* **EXERCISE DETAILS**
Return each record verbatim, images excluded.

─── DATA SUPPLIED

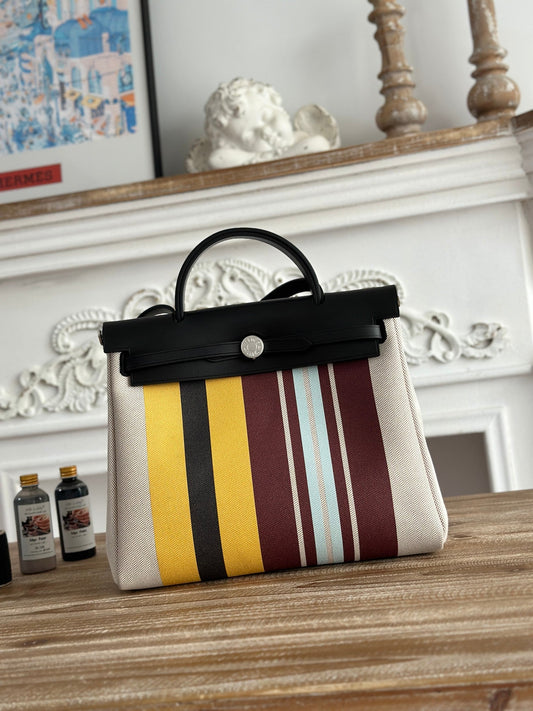 Herbag 31 Bag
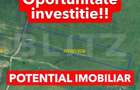 Teren extravilan 15000mp Giroc oportunitate investitie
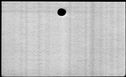 00310960.jpg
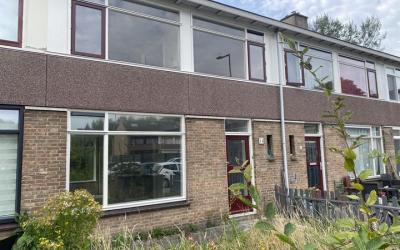 Wanninkhagen 24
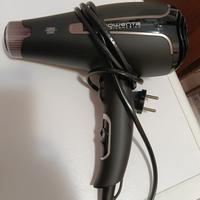 phon rowenta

──────

* **YOUR SOLUTION**
 Herbag 31 Bag
 Teren extravilan 15000mp Giroc oportunitate investitie
 00310960.jpg
 Wanninkhagen 24
 phon rowenta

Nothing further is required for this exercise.